Print the material below exactly as it stands, please, from its first line to the line holding "Endemik türlerden Muğla", with no pictures.

*** Opening of Material shown ***

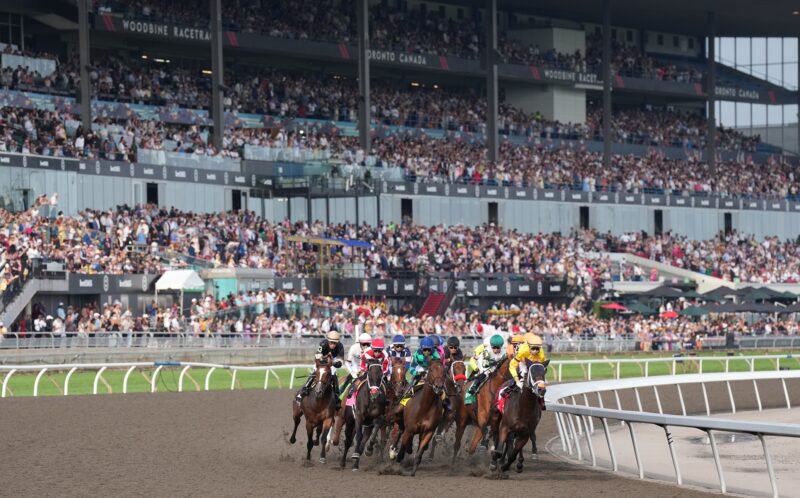 Toronto ON, August 16, 2025.Woodbine Racetrack.Jockey Pietro Moran guides Mansetti to victory in the 166th running of the $1,000,000 dollar King's Plate in a time of 2.02.1 for the 1Mi.1/4.Mansetti is owned by Al and Bill Ulwelling and trained by Kevin Attard.Woodbine/ Michael Burns Photo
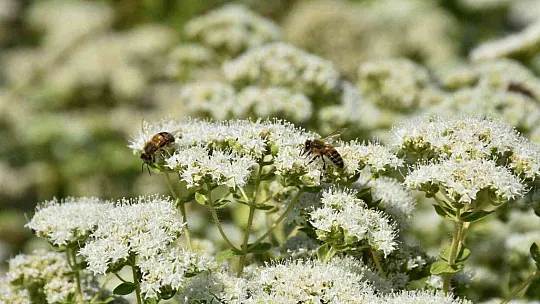 Endemik türlerden Muğla ekonomisine 62 milyon TL katkı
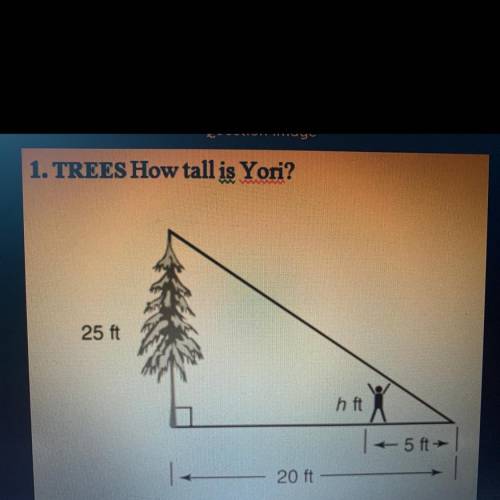 1. TREES How tall is Yori?

WAAN
25 ft
h ft
#X
5 ft
20 ft
Link= REPORT
(A) 6
(B) 5.75
(C) 6.25
(D)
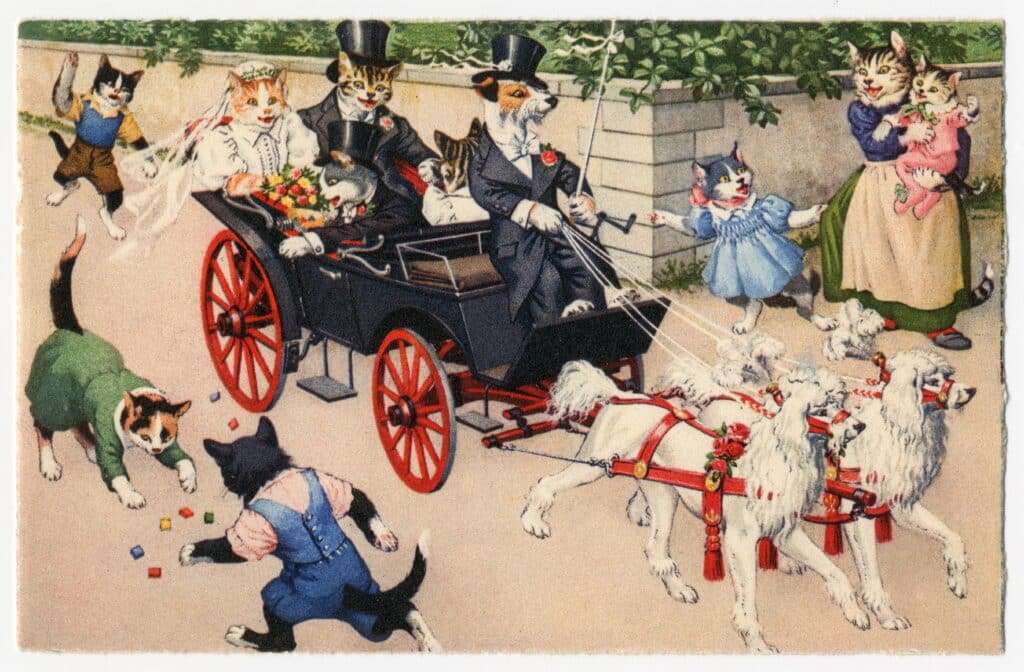 Mainzer Dressed Cat Postcards, 1940-1960, gift of Richard LeRoy in memory of Ruth Hanford Munn, The Strong, Rochester, New York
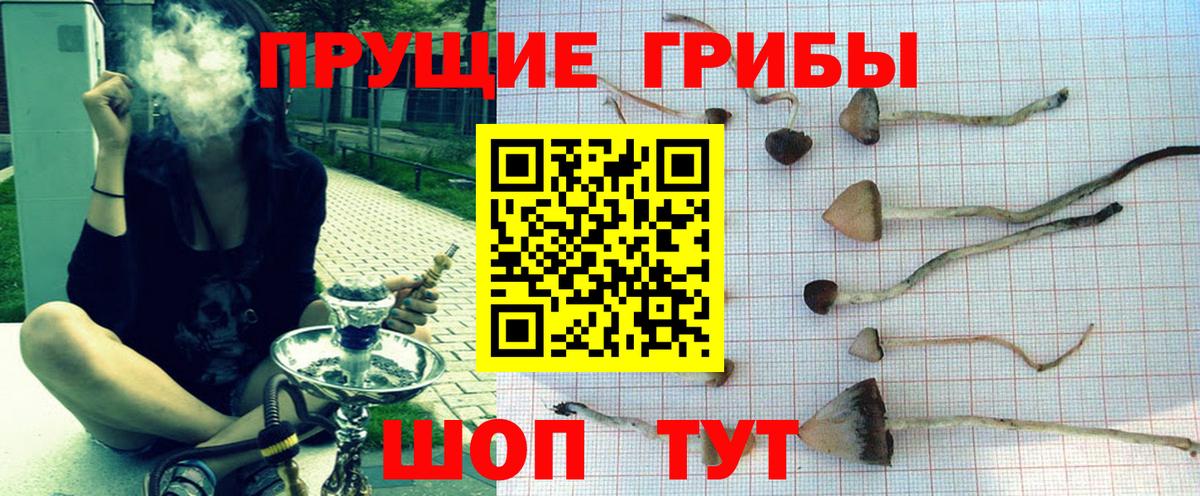 Галлюциногенные грибы Cubensis Борисоглебск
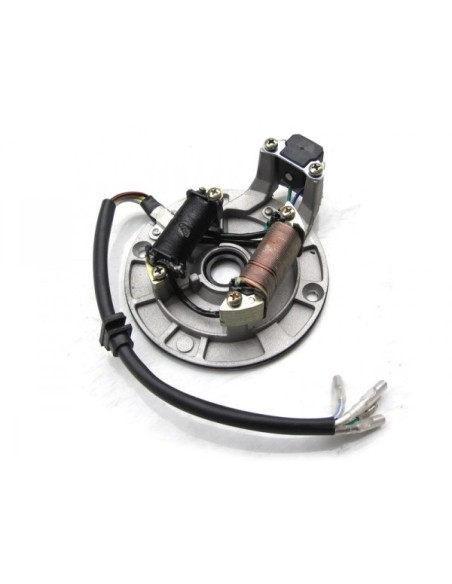 Encendido completo pit bike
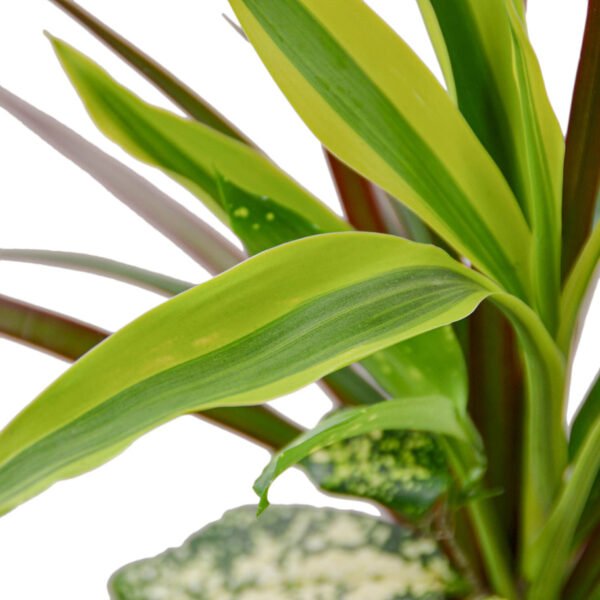 Dracaena - Combo - Image 3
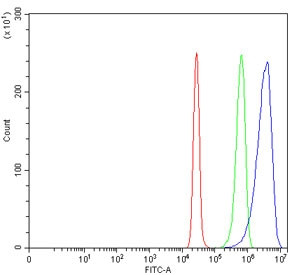 Anti-Integrin alpha 3 / ITGA3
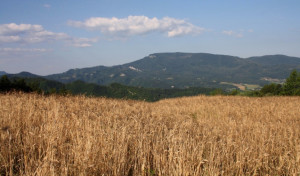 campo di grano Senatore Cappelli nel crotonese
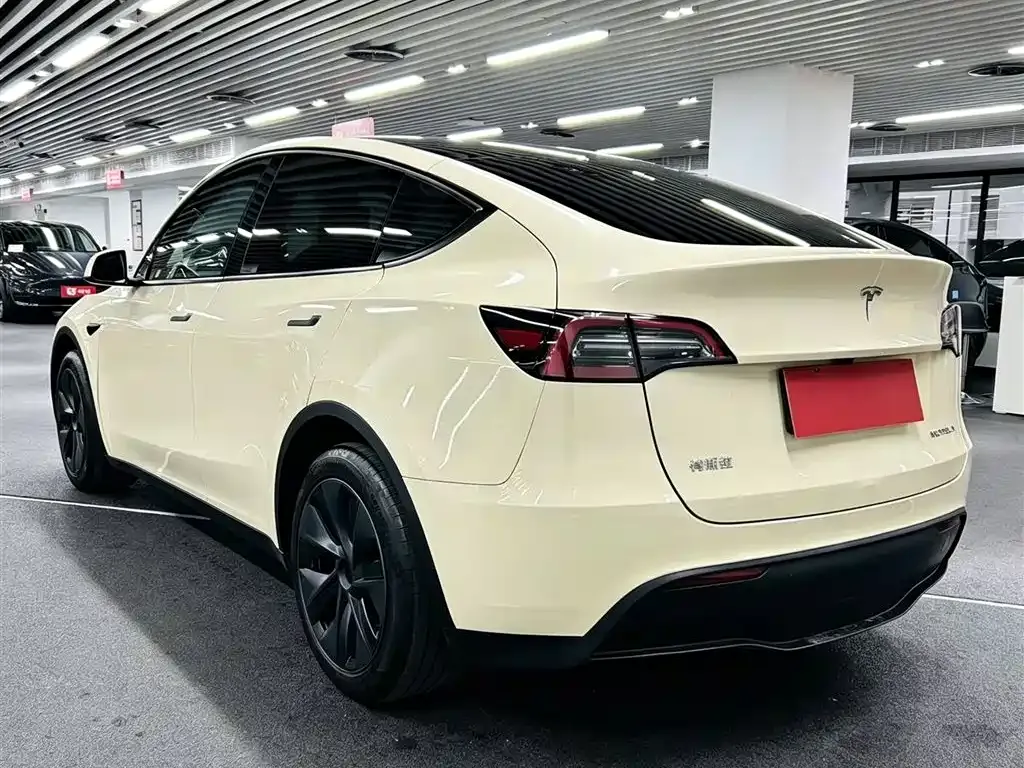 Tesla Model Y — фото 6
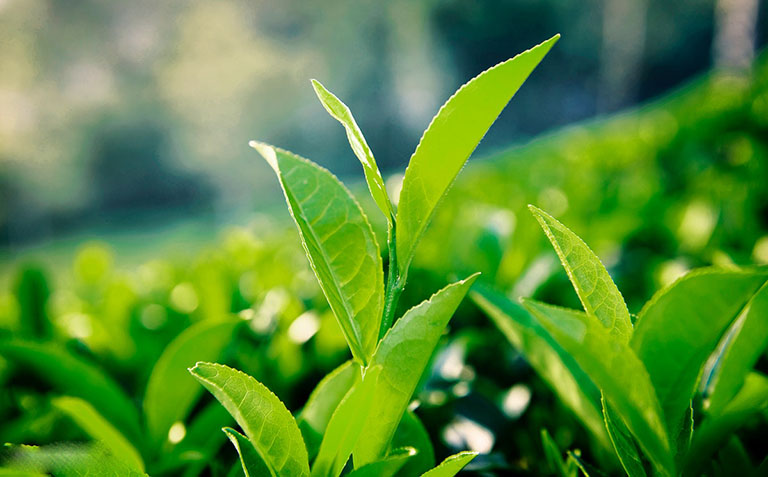 Top thực phẩm phổ biến giúp chậm lão hóa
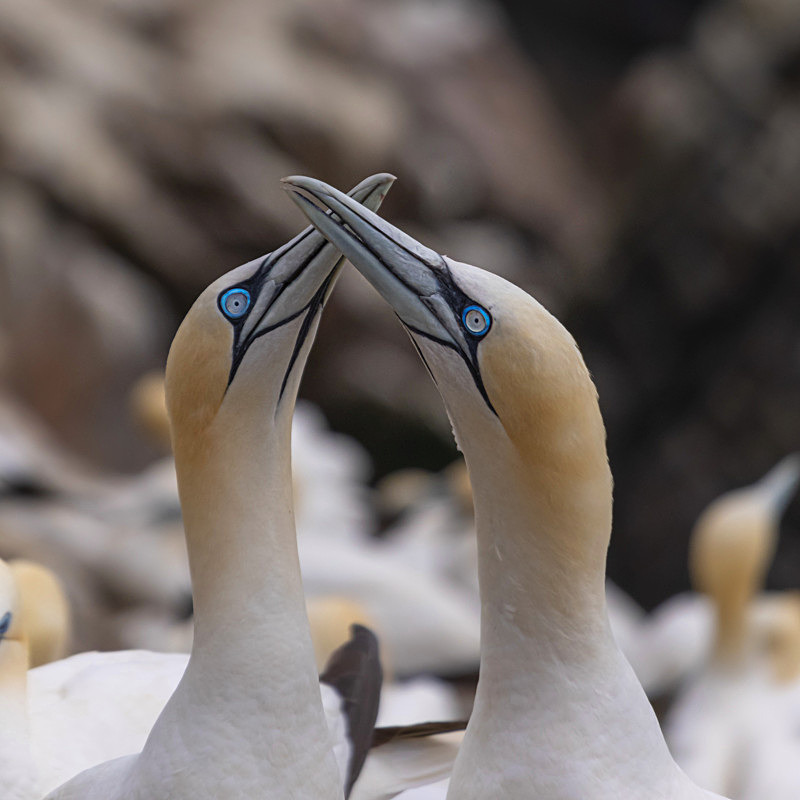 In the world of Gannets - Best Pictures 2020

*** Close of Material shown ***

**Answer to this task:**
 Toronto ON, August 16, 2025.Woodbine Racetrack.Jockey Pietro Moran guides Mansetti to victory in the 166th running of the $1,000,000 dollar King's Plate in a time of 2.02.1 for the 1Mi.1/4.Mansetti is owned by Al and Bill Ulwelling and trained by Kevin Attard.Woodbine/ Michael Burns Photo
 Endemik türlerden Muğla ekonomisine 62 milyon TL katkı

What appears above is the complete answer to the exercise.